Candidatos pedem votos em áreas destruídas pelas chuvas na Serra.

domingo, 19 de agosto de 2012


Um ano e meio depois da tragédia das chuvas na Região Serrana do Rio, candidatos pedem votos em áreas devastadas pela água. Na foto, uma placa de Rubens Bomtempo, ex-prefeito de Petrópolis e que volta a disputar o cargo, sobre escombros de uma casa destruída pelas chuvas


NOVA FRIBURGO, PETRÓPOLIS E TERESÓPOLIS - O cenário ainda é de destruição, mas não impede a busca por votos. Quase um ano e sete meses depois da maior tragédia da história do Estado do Rio e do país, candidatos a prefeito e a vereador em cidades da Região Serrana estão pegando carona eleitoral nos bairros devastados pelas chuvas. Caminhadas e distribuição de propaganda são alguns dos compromissos das agendas dos políticos. Oficialmente, a enxurrada deixou 918 mortos e 215 desaparecidos.
Em Petrópolis, município onde cinco candidatos disputam a prefeitura, o ex-prefeito Rubens Bomtempo (PSB) escolheu o Vale do Cuiabá para o primeiro ato de campanha. Ele fez promessas como a de criar uma Secretaria de Recuperação, Revitalização e Reconstrução do local, além de construir um memorial em homenagem às vítimas. Bomtempo também pendurou placas com sua foto nos escombros das casas levadas pela água.
— Seria incoerente não iniciar a campanha num local esquecido pela atual administração. Não vejo intenção eleitoreira. Quero levar políticas públicas para o bairro — diz Bomtempo.
No Vale do Cuiabá, há ainda propagandas do deputado estadual Bernardo Rossi (PMDB), candidato a prefeito apoiado pelo governador Sérgio Cabral (PMDB). Materiais de campanha de candidatos a vereador dividem o espaço. Um deles está exposto na casa do desempregado Carlos Eduardo de Oliveira, de 32 anos.
— Minha casa foi completamente destruída. Agora, pago aluguel. Não sei em quem vou votar. Na hora que minha família precisou, ninguém ajudou — afirma Oliveira.

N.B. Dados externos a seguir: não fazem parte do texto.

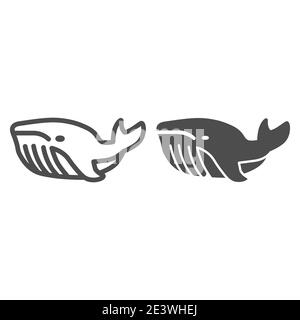 Wallinie und solide Ikone, Ozean-Konzept, sehr große marine Säugetier Zeichen auf weißem Hintergrund, Orca Wal Symbol in Umriss Stil für mobile Konzept und Stock Vektor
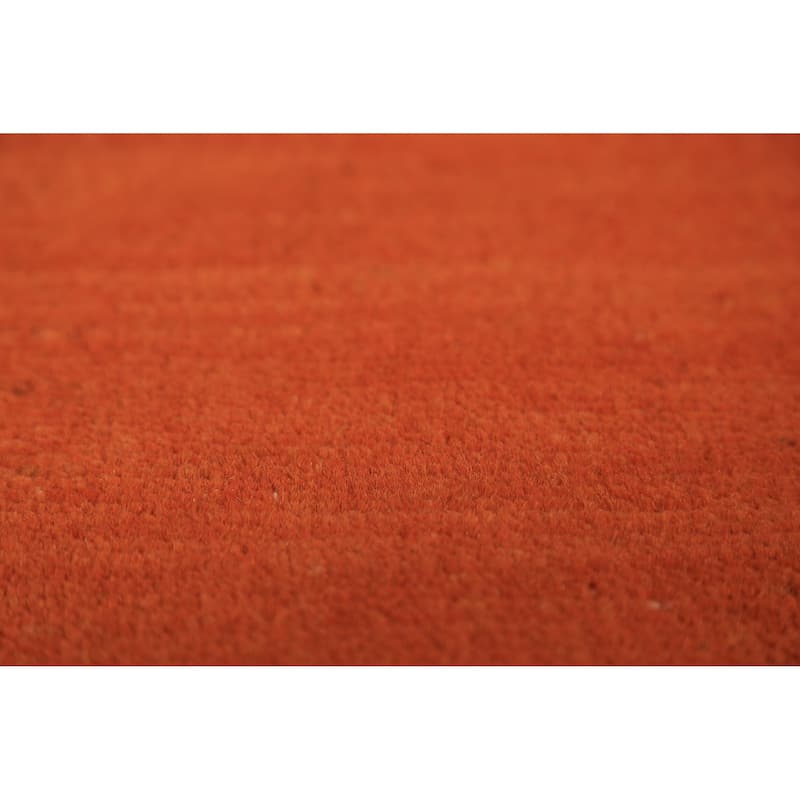 Orange Gabbeh Modern Rug Hand-Knotted Tribal Wool Carpet - 3'5" x 4'10"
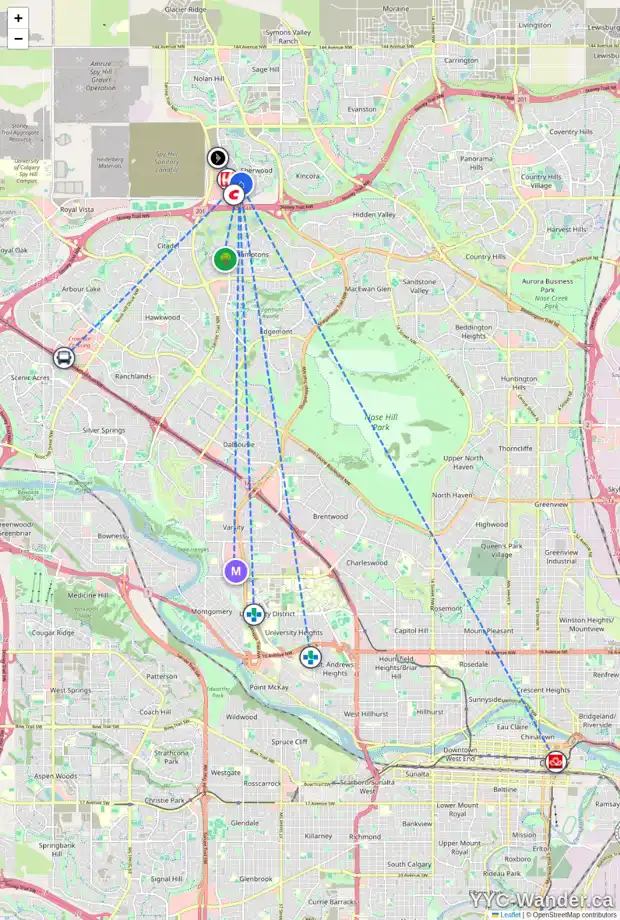 Daily accessibility map for 130 SHERWOOD ME NW, Calgary showing nearby schools, grocery stores, parks, LRT stations and nearby amenities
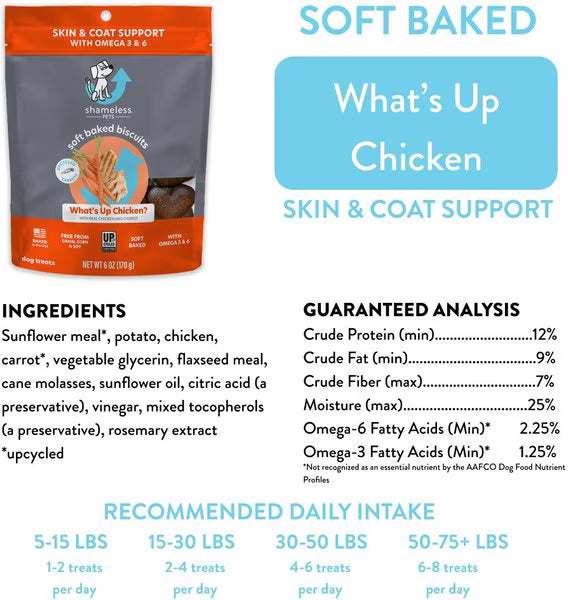 Shameless Pets What's Up Chicken Soft-Baked Biscuit for Dogs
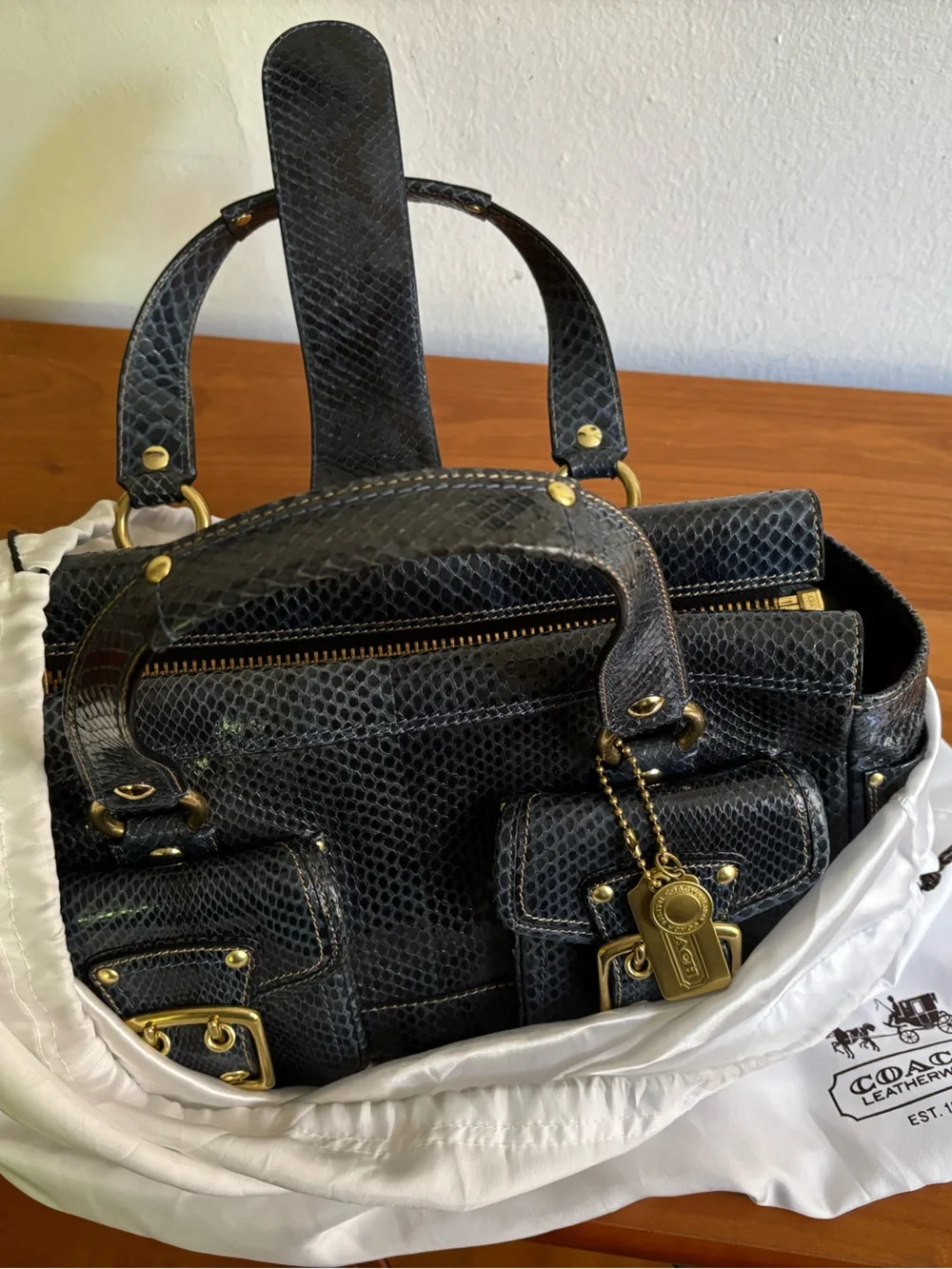 Coach Limited Legacy Exotic Mandy Satchel in Midnight Blue Python Leather #10368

Em Nova Friburgo, seis candidatos concorrem ao Executivo. O último prefeito, Demerval Barbosa Moreira Neto (PTdoB), foi cassado por desvio de dinheiro destinado à recuperação do município após as chuvas de janeiro de 2011. A propaganda da ex-prefeita Maria da Saudade (PSB) pode ser encontrada na Praça do Suspiro, no Centro, assim como a do também candidato a prefeito Jairo Wermelinger (PHS). No principal ponto turístico da cidade, o temporal derrubou a igreja e destruiu o teleférico, que não funciona até hoje.
No programa de governo, Maria da Saudade afirma “planejar as ações necessárias para recuperar pessoas e espaços dos efeitos da tragédia climática”. A publicidade da ex-prefeita e de Jairo ficam perto de placas dos governos federal e estadual sobre obras de contenção de encostas.

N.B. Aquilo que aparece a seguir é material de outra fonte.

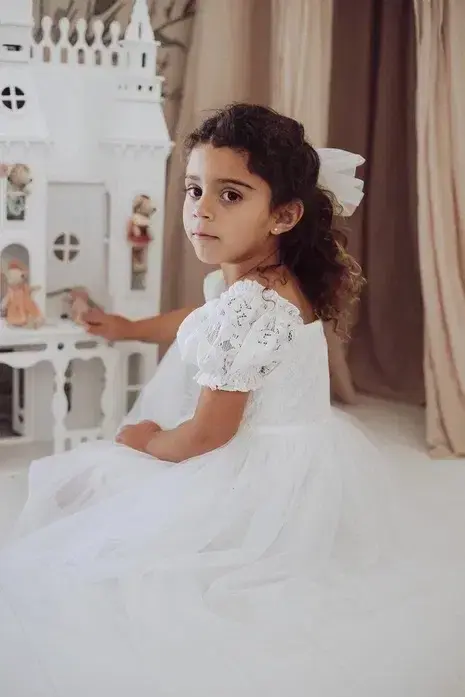 lace flower girl dress with puff sleeves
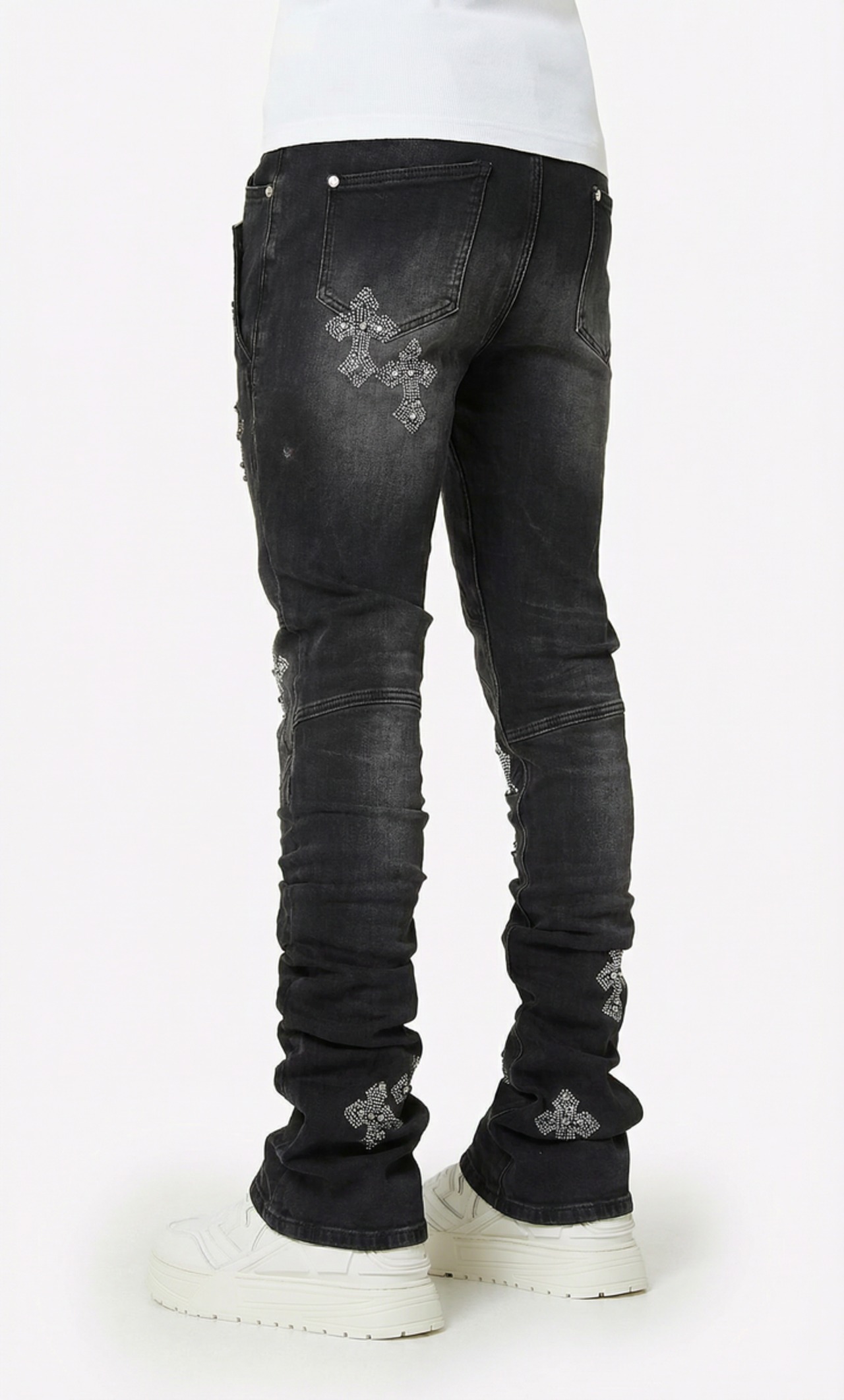GUAPI / obsidian black faded cross denim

Por meio da assessoria, a candidata alega que sempre fez campanha na praça.
No bairro Córrego Dantas, a associação de moradores acusa três candidatos a vereador de se aproveitarem do drama da população para pedir votos. Jairo, por sua vez, participou de duas reuniões na região, onde poucas casas sobraram.
— Por conta da inércia do governo municipal, estou indo aos bairros. Fui às reuniões como engenheiro civil para orientar as pessoas e não para pedir votos — justifica Jairo.

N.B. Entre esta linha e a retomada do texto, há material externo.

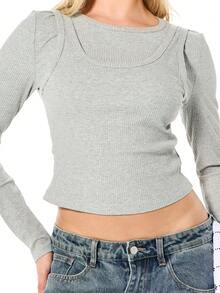 SUMWON WOMEN Ribbed Knit Long Sleeve Crew Neck Crop Top With Contrast Seaming Detail For Casual Everyday Wear - Grey - View 4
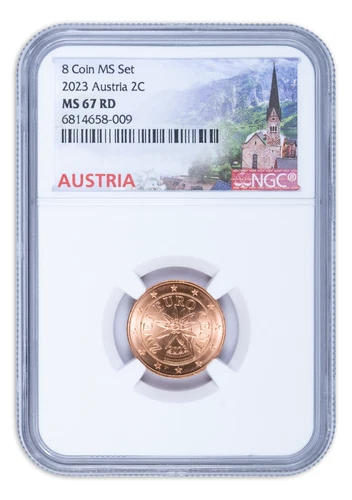 2023 2C Austria BU Coin 2 Euro Cent Graded NGC MS67 RD - High Grade!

Morador da Posse, em Teresópolis, o servente Rodrigo Gonçalves, de 30 anos, perdeu a casa e 12 parentes. Ele rasgou panfletos de políticos que apareceram no bairro, como os do deputado estadual Nilton Salomão, candidato do PT.
— Não aguento mais promessas — desabafa Gonçalves.
— Fui relator da CPI da tragédia da Serra. Dei voz à população — rebate Salomão.
O ex-prefeito Jorge Mário (sem partido) foi afastado por corrupção. Teresópolis tem oito candidatos ao cargo.
Bernardo Rossi não retornou as ligações.